In other words, I’d suggest ordering two or more at a time … even when you’re shipping them out as gifts … rather than send them once a month like that! The cheese stays just as fresh. As long as you don’t open the tins and you keep your cheese refrigerated, they say the shelf life on them is virtually endless … so, unless your gift recipient doesn’t have the fridge space to store them, it’s more economical for you to send them, say, three tins of cheese at one time … than it is to set them up on a month-to-month gift of cheese.
It’s not priced like Velveeta, but–as I’m sure you’ll agree–that isn’t all that bad for great gourmet cheese either. I’ve paid upwards of $25/lb for pedestrian sorts of artisan cheeses, and >$40/lb for some of the better ones … so $11.20-$13.33/lb is awesome for this cheese!
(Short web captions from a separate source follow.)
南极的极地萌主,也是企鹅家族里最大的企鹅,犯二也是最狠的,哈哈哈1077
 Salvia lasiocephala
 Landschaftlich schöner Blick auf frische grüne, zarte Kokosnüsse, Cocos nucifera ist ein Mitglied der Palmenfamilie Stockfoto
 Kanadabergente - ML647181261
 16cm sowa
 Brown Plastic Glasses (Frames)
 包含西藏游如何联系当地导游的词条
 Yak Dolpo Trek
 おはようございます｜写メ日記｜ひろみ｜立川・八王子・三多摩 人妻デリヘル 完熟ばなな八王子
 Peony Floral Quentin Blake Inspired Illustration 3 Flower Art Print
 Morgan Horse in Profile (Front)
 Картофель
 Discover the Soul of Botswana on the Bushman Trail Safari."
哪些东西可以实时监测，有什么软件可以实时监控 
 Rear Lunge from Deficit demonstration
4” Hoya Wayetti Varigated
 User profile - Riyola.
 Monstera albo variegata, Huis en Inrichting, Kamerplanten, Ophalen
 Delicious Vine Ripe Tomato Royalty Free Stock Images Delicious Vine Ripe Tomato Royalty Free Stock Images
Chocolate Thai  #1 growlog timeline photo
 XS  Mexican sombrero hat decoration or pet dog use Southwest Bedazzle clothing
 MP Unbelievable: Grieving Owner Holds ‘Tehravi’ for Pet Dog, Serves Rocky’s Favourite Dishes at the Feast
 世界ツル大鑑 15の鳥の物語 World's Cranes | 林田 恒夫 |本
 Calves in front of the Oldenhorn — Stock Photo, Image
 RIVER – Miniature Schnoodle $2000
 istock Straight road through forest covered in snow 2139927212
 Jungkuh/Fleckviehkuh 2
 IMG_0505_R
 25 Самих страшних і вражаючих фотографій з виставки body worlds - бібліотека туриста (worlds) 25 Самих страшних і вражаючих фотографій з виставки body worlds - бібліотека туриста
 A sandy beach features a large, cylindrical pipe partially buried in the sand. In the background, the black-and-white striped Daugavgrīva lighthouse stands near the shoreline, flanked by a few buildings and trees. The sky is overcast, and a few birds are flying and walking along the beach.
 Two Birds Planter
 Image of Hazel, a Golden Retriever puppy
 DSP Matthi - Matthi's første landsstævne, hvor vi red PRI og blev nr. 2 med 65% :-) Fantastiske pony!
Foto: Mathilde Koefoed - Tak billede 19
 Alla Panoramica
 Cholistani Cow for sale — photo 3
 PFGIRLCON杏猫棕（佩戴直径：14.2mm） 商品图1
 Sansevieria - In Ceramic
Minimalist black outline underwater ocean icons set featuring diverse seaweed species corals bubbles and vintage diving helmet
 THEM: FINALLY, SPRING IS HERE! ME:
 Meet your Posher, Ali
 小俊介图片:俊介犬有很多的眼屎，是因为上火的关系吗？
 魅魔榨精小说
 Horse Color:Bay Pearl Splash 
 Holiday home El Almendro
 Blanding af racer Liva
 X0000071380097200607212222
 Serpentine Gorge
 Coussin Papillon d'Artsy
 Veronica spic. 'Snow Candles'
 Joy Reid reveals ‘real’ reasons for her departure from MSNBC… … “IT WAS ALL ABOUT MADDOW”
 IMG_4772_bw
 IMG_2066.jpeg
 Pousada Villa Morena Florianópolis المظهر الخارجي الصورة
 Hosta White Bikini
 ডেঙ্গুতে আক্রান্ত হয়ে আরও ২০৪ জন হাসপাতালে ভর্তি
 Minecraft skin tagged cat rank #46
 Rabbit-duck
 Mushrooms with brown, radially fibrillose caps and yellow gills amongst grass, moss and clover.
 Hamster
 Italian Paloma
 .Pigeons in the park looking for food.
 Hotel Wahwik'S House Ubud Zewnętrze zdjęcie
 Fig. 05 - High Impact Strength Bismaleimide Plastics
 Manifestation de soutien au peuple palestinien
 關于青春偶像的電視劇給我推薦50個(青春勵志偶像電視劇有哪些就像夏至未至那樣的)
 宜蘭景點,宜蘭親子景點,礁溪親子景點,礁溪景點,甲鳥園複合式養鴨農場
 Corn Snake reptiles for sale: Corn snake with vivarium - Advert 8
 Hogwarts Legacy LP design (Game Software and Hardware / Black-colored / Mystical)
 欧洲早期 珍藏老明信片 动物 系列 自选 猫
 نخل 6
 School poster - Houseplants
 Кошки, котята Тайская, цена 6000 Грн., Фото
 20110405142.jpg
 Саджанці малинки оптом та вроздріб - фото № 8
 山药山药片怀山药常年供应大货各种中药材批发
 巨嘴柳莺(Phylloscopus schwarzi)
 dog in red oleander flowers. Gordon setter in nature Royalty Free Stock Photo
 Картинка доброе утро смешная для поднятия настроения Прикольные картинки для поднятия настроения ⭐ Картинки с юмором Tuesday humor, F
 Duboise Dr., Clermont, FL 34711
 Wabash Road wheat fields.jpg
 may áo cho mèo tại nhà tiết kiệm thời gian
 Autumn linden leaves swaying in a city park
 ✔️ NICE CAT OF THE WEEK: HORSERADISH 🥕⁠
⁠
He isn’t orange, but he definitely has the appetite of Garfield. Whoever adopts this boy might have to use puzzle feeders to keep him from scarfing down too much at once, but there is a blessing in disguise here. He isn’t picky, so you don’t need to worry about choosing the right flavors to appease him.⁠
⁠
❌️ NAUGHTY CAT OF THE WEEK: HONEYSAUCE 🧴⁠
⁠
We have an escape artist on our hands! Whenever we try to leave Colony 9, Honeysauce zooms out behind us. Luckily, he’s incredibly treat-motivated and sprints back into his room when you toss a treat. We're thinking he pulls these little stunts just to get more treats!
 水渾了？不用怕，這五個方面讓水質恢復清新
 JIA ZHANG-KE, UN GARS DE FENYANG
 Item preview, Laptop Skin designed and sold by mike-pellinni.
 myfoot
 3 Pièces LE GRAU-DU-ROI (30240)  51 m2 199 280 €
Granted, we really like the Tillamook Vintage White cheddar … and the Safeway down at the end of our street sells it for $4.40/lb … but this is MUCH better cheese all the way around, more like some of the cheeses I buy at my local Central Market … so I consider it worth the expense, and then some!
If you’re not sure what flavor you’d like–or if you don’t want to spend an entire 30 ounces on one cheese–then WSU also offers a Variety Pack (30 ounces total weight, $32 with shipping … so, a little over $17/lb) that includes wedges of their Cougar Gold, American Cheddar, Viking, and Smoky Cheddar cheeses. It’s definitely more expensive that way, but you can also sample small amounts of four different cheeses in one delivery, without committing fridge space to four different cans. You might decide it’s worth it to you.
According to their website, they also do special flavors periodically … but I don’t see a way to sign up for any notifications from them. I guess we just have to hope that–once we’ve ordered from them once–they’ll either send us notice when they’re making something special … or we’ll have to remember to go back and check periodically on our own.
Either way, though, I’m definitely ordering more Cougar cheese … and soon!